An eye-opening insider’s account of Australia’s disastrous World Cup bid raises questions about moves to seek the women’s event, writes Paul Marcuccitti.

Feb 12, 2018, updated Feb 12, 2018
Sepp Blatter in a shower of banknotes thrown by a British comedian. He never thought Australia had a chance of winning hosting rights for the FIFA World Cup. Photo: Ennio Leanza/Keystone via AP

Sepp Blatter in a shower of banknotes thrown by a British comedian. He never thought Australia had a chance of winning hosting rights for the FIFA World Cup. Photo: Ennio Leanza/Keystone via AP

In May 2015, I got in touch with Bonita Mersiades to see if she’d be happy to be interviewed on the Soccer on 531 radio show.

Almost as soon as I asked, I wished I hadn’t. Why would a Sydney-based author and publisher, who had held senior positions at Football Federation Australia and been the Socceroos’ team manager, talk to an unknown program (which had then only been running for three months) on community radio in Adelaide?

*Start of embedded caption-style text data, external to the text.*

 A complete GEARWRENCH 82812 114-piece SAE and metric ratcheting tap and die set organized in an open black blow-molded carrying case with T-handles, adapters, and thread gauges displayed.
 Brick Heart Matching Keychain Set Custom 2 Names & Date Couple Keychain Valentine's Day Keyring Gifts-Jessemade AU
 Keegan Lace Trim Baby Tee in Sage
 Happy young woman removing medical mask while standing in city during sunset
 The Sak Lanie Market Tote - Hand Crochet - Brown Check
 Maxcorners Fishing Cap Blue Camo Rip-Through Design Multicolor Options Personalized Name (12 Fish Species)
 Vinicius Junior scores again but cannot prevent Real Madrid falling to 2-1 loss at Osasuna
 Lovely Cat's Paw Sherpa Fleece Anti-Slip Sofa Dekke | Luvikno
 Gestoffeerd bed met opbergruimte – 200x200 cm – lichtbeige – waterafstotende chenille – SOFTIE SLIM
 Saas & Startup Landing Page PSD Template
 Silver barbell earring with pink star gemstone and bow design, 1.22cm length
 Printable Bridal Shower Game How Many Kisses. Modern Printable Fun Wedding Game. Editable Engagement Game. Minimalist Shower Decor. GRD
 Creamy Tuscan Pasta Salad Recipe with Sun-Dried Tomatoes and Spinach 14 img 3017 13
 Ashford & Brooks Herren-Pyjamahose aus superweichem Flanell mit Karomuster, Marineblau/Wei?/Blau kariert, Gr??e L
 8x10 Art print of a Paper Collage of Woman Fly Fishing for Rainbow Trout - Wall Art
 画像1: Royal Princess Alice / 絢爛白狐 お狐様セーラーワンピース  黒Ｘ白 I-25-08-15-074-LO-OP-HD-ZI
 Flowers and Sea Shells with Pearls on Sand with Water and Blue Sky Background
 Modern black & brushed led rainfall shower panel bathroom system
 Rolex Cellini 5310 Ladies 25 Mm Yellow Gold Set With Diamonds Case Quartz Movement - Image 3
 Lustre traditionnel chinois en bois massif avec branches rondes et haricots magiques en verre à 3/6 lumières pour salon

Fortunately, Mersiades was willing to chat. I knew it would be an interesting conversation, not least because that year’s FIFA Women’s World Cup was imminent and she maintained that Australia shouldn’t bid to host the 2023 tournament. It was perhaps a contrarian view but her rationale was solid: she would “prefer to see FIFA cleaned up” and be an organisation “which knows how to run a proper process” before we put our hand up.

Later that month, on the eve of the FIFA Congress in Zürich, Swiss authorities arrested several FIFA officials on corruption charges. Suddenly, some slightly bigger Australian broadcasters were interviewing Mersiades. Few people have a better understanding of “the FIFA Way” and even fewer are willing to speak openly about it.

For some she is highly controversial; to others, she is the badly-needed antidote for the sport’s flawed power structures. But whether you hold either of those views or anything in between (or don’t feel sufficiently informed to hold one at all), Mersiades’ recently-published book Whatever It Takes: The Inside Story of the Fifa Way is a must read.

Among other things, it sheds light on the awarding of World Cup hosting rights to Russia and Qatar, why Australia’s bid fell so far short, and how so many people were discredited in the process.

It’s also quite exciting. Like any non-fiction book or film in which you know what the outcome will be, you can still be gripped by the lead up to that conclusion, particularly when it includes so many events of which you weren’t aware.

Though Whatever It Takes is not formally written in two parts, around half covers Mersiades’ role at the FFA as part of the World Cup bid; the rest, after her removal in January 2010, takes readers through the infamous election that decided where the 2018 and 2022 World Cup finals would be held and its aftermath.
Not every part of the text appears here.